"""
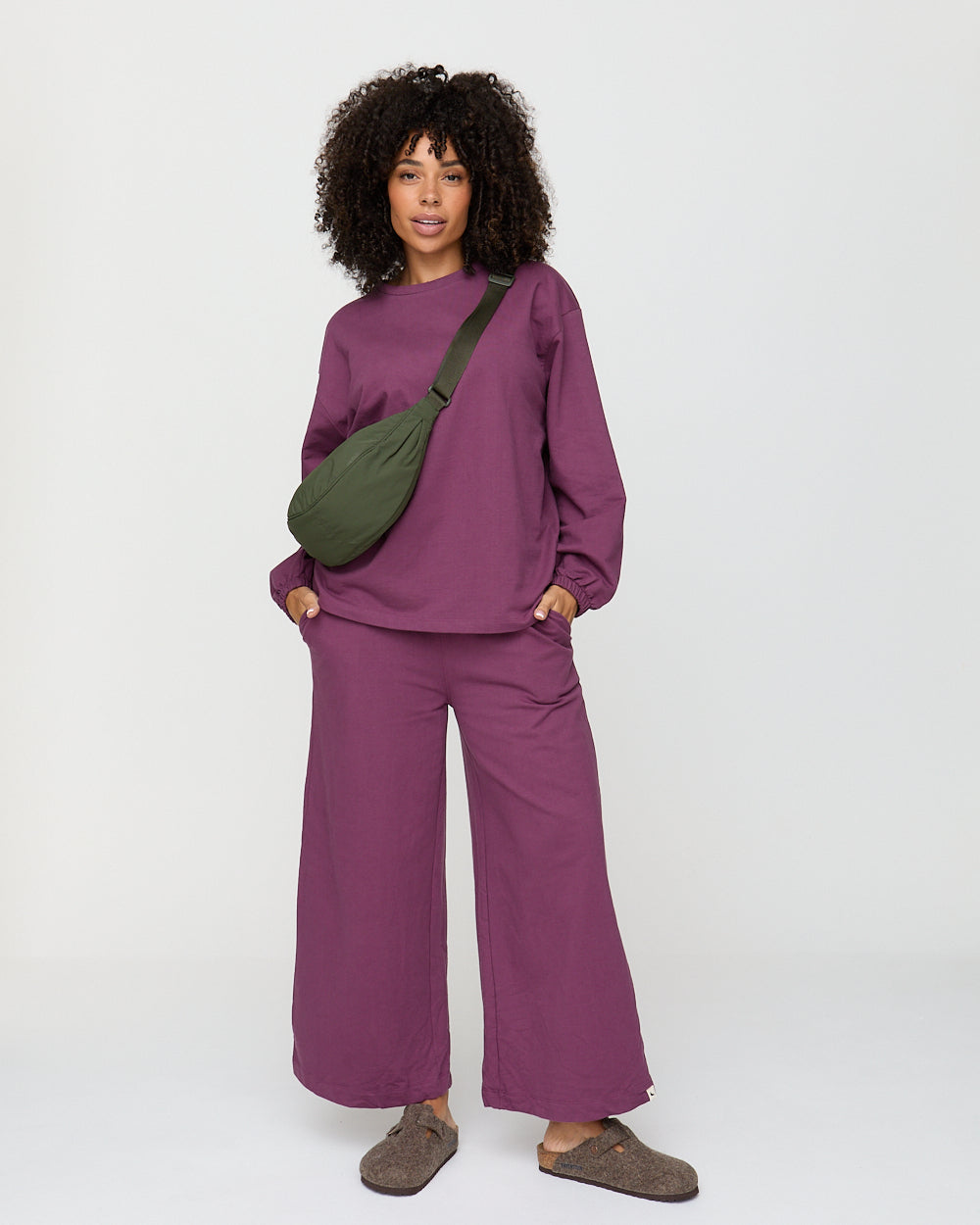 Person wearing a purple outfit with a green bag on a white background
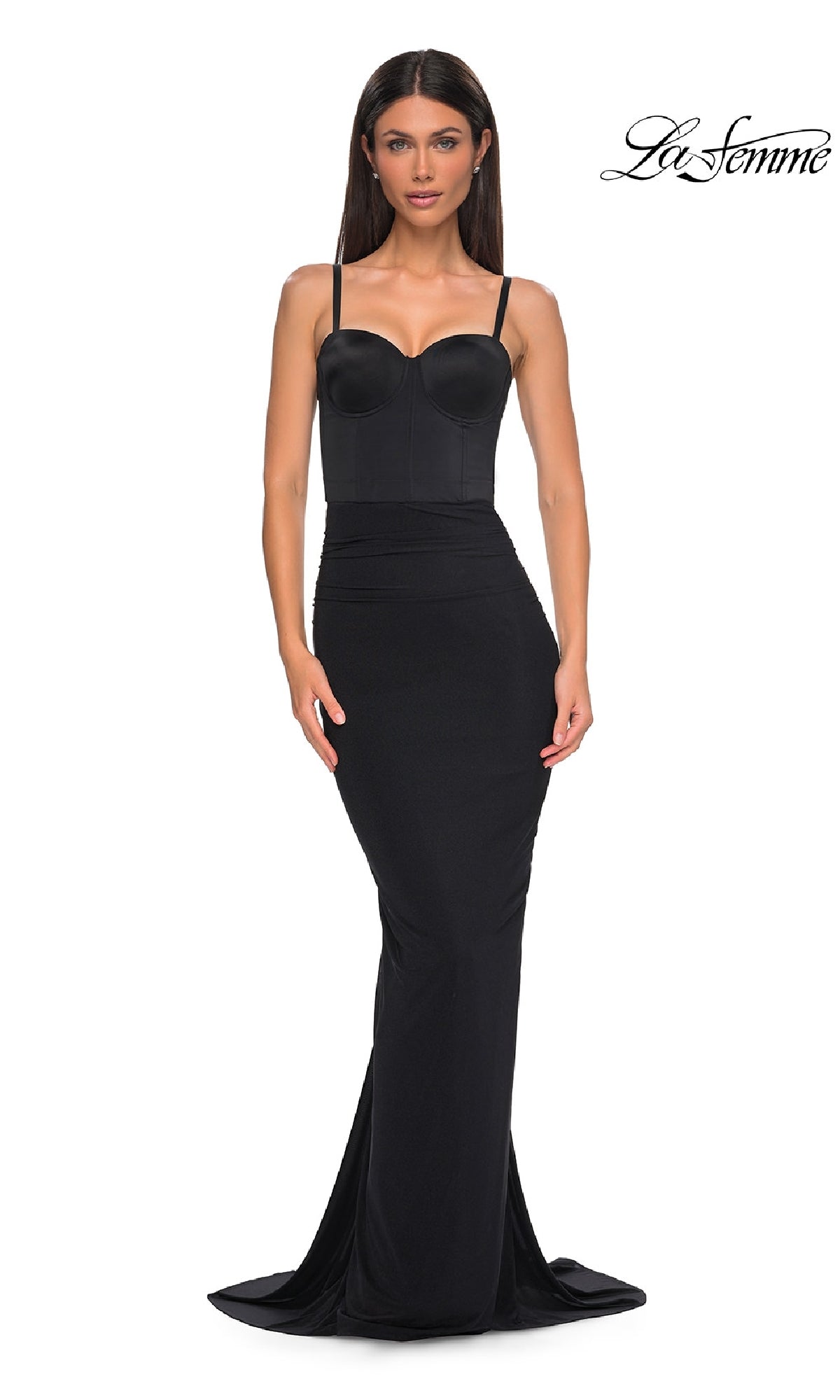 Woman wearing the Cut-Out Long Black Prom Dress: La Femme 32996, a fitted, floor-length prom dress with spaghetti straps and a corset-style bodice; La Femme logo appears in the top right corner.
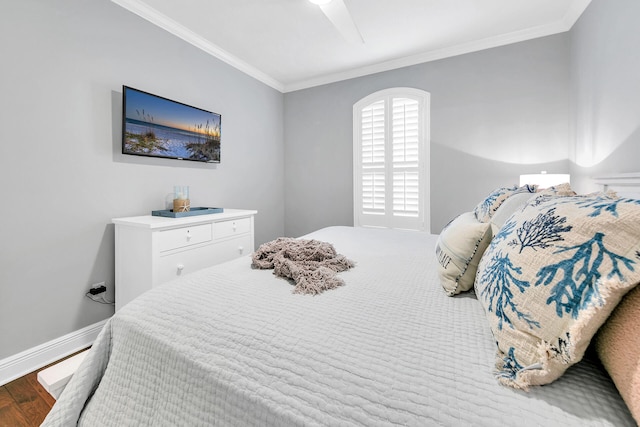 bedroom with ceiling fan, crown molding, and light hardwood / wood-style flooring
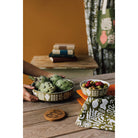 Olympus Imprint Bowl featuring early Greek ceramic motifs in pale designs on an earthy brown surface.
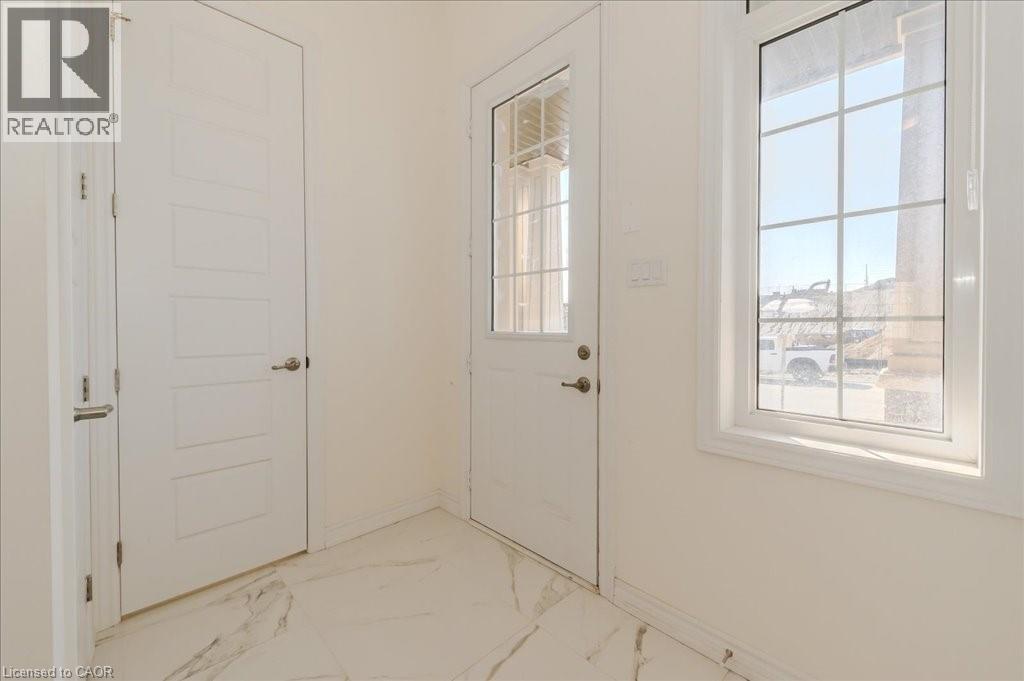 Doorway featuring plenty of natural light and marble finish flooring - 35 Hitchman Street, Paris, ON - Indoor Photo Showing Other Room
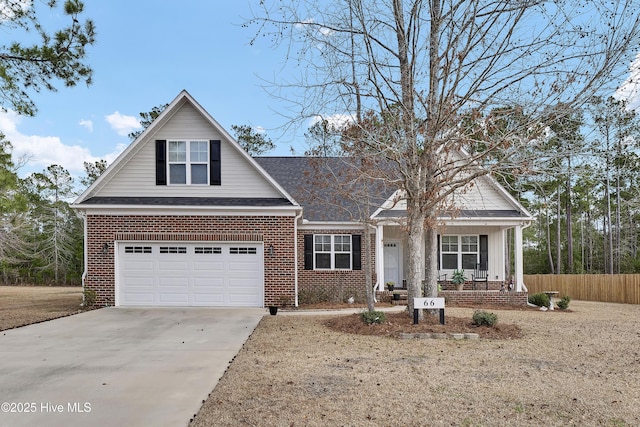 view of front of house with a garage, fence, concrete driveway, and brick siding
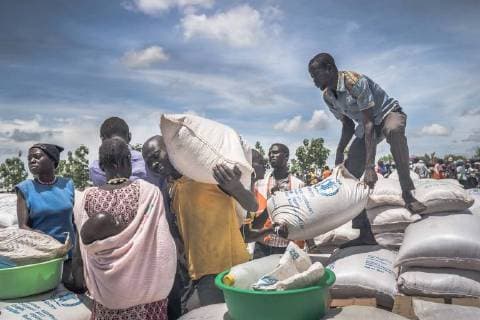 May 7, 2018 - Bidi Bidi, Uganda - South Sudanese refugees seen collecting cassava flour provided by the World Food Program at the refugee settlement..The Bidi Bidi refugee settlement in northern Uganda near the South Sudanese border is currently the largest refugee camp in the world, hosting over 250,000 South Sudanese refugees fleeing the conflict. The world food program is providing monthly basic food supply for the refugees in the settlement. Bidi Bidi Uganda - ZUMAs197 20180507_zab_s197_006 Copyright: xGeovienxSox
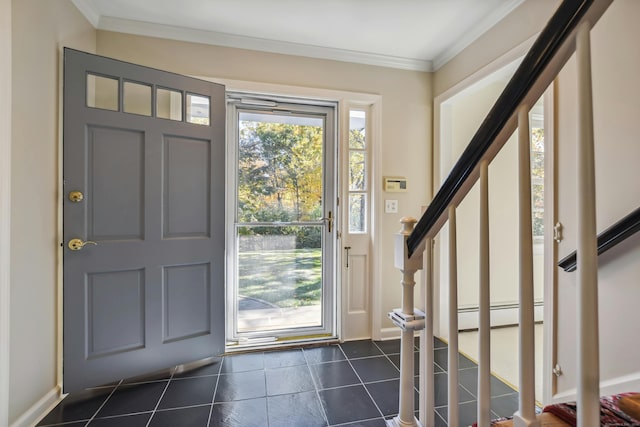 entrance foyer with stairs, dark tile patterned floors, baseboard heating, and crown molding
"""
Brief ▸ Exactly as they appear, print the lines of the listing above from its first line through the line that contains "Doorway featuring plenty", minus the pictures.

Exercise response ▸
 Person wearing a purple outfit with a green bag on a white background
 Woman wearing the Cut-Out Long Black Prom Dress: La Femme 32996, a fitted, floor-length prom dress with spaghetti straps and a corset-style bodice; La Femme logo appears in the top right corner.
 bedroom with ceiling fan, crown molding, and light hardwood / wood-style flooring
 Olympus Imprint Bowl featuring early Greek ceramic motifs in pale designs on an earthy brown surface.
 Doorway featuring plenty of natural light and marble finish flooring - 35 Hitchman Street, Paris, ON - Indoor Photo Showing Other Room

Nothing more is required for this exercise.